[ORT GPU (DML)][WebNN] Edge Canary browser crashed when running two WebNN QDQ subgraph tests
Describe the issue
Edge Canary browser crashed when running quantized leaky relu and quantized softmax two WebNN QDQ subgraph tests by ORT default GPU DML EP with the error
GpuProcessHost: The GPU process crashed! Exit code: STATUS_ACCESS_VIOLATION.
/cc @fdwr PTAL, thanks!
To reproduce
- Install Windows App SDK Stable 1.8.2 (1.8.251003001)
- Install lates Edge Canary browser
- Launch Edge Canary browser, navigate to
about://flagsenabled "Enables WebNN API" and "ONNX Runtime backend for WebNN" flags, then relaunch browser - Navigate to below test url, crash happened
| Test | Test URL |
|---|---|
| quantized leaky relu | https://wpt.live/webnn/conformance_tests/qdq_subgraph.https.any.html?device=gpu&tc=quantized%20leaky%20relu |
| quantized softmax | https://wpt.live/webnn/conformance_tests/qdq_subgraph.https.any.html?device=gpu&tc=quantized%20softmax |
Urgency
No response
ONNX Runtime Installation
Released Package Windows App SDK Stable 1.8.2 (1.8.251003001)

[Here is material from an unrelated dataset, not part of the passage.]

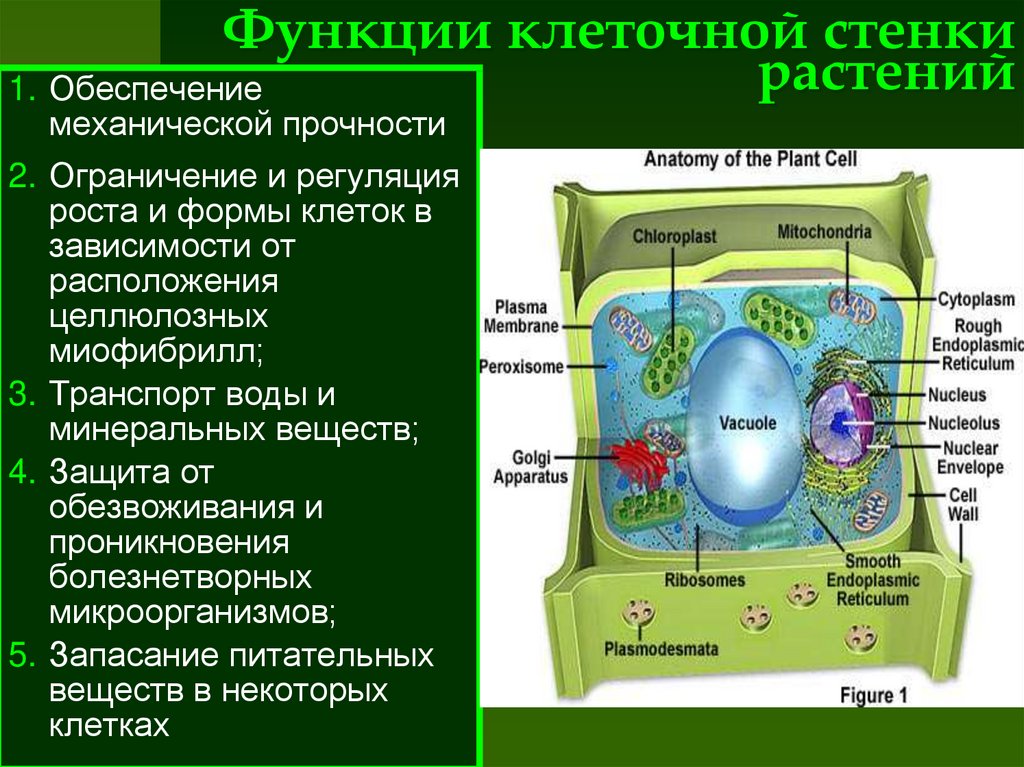 Функции клеточной стенки растений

ONNX Runtime Version or Commit ID
1.23.25.928
Execution Provider
ORT default GPU EP
I can reproduce the crash issue of the two cases , and share you some debugging info:
I built the dlls and pdbs by myself and got more detailed debugging info:
The root cause is that DML EP can't find kernals for QLinearSoftmax and QLinearLeakyRelu.
/cc @fdwr
The root cause is that DML EP can't find kernels for QLinearSoftmax and QLinearLeakyRelu.
That's some non-ONNX contrib op that DirectML doesn't know about (see operator registration). So the real questions are:
- Why is an ORT transformer (possibly here?) blindly transforming an operator into something the EP doesn't support?

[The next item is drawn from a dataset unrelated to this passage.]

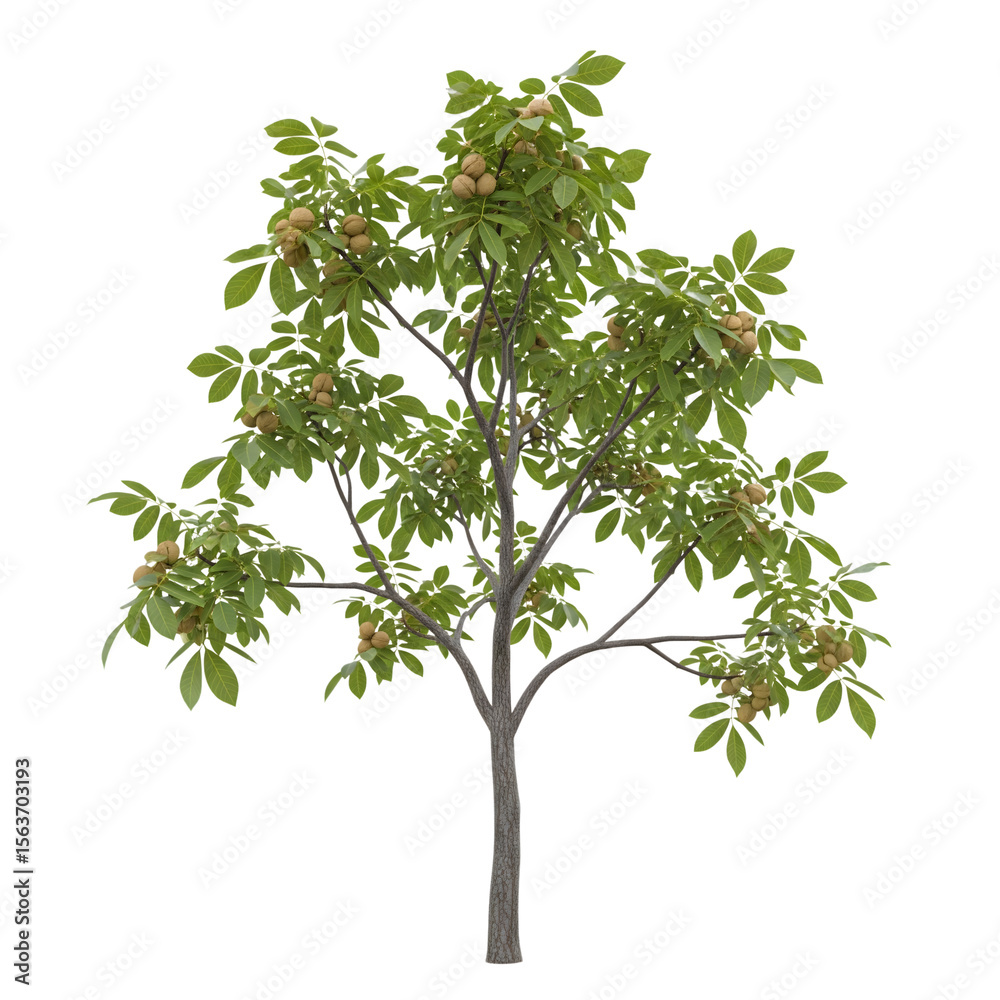 Obraz premium A healthy walnut tree with green leaves and developing nuts isolated on transparent background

- Why doesn't ORT realize this and fall back to another EP like it typically does?
@fdwr Good questions!
And I verified if I apply --webnn-ort-graph-optimization-level=BASIC to override the graph optimization level of ONNX Runtime from default ENABLE_ALL to a lower level BASIC, the two crash tests can pass on DML EP.
Quick fix solution/workaround in chromium:
So if the issue blocks us, we can consider applying BASIC level for DML EP as a workaround in chromium before the ORT fixing this issue. @BruceDai @huningxin
/cc @adrastogi
Trying to piece things together, could this be coming from the QDQ transformer?
https://github.com/microsoft/onnxruntime/blob/a83fc4d58cb48eb68890dd689f94f28288cf2278/onnxruntime/core/optimizer/qdq_transformer/selectors_actions/qdq_selector_action_transformer.cc#L151
Both the CPU and DML EPs are registered for LeakyRelu and Softmax, which are not supported based on what @fdwr was saying.- but end up getting assigned to the DML EP, which leads to the crash at runtime since they don't exist.
Both the CPU and DML EPs are registered for LeakyRelu and Softmax, which are not supported
LeakyRelu and Softmax are registered by the DML EP. https://github.com/microsoft/onnxruntime/blob/main/onnxruntime/core/providers/dml/DmlExecutionProvider/src/Operators/OperatorRegistration.cpp#L1061-L1062. QLinearSoftmax and QLinearLeakyRelu are not though, and so those should not be assigned to the DML EP.
which leads to the crash at runtime since they don't exist
Yep.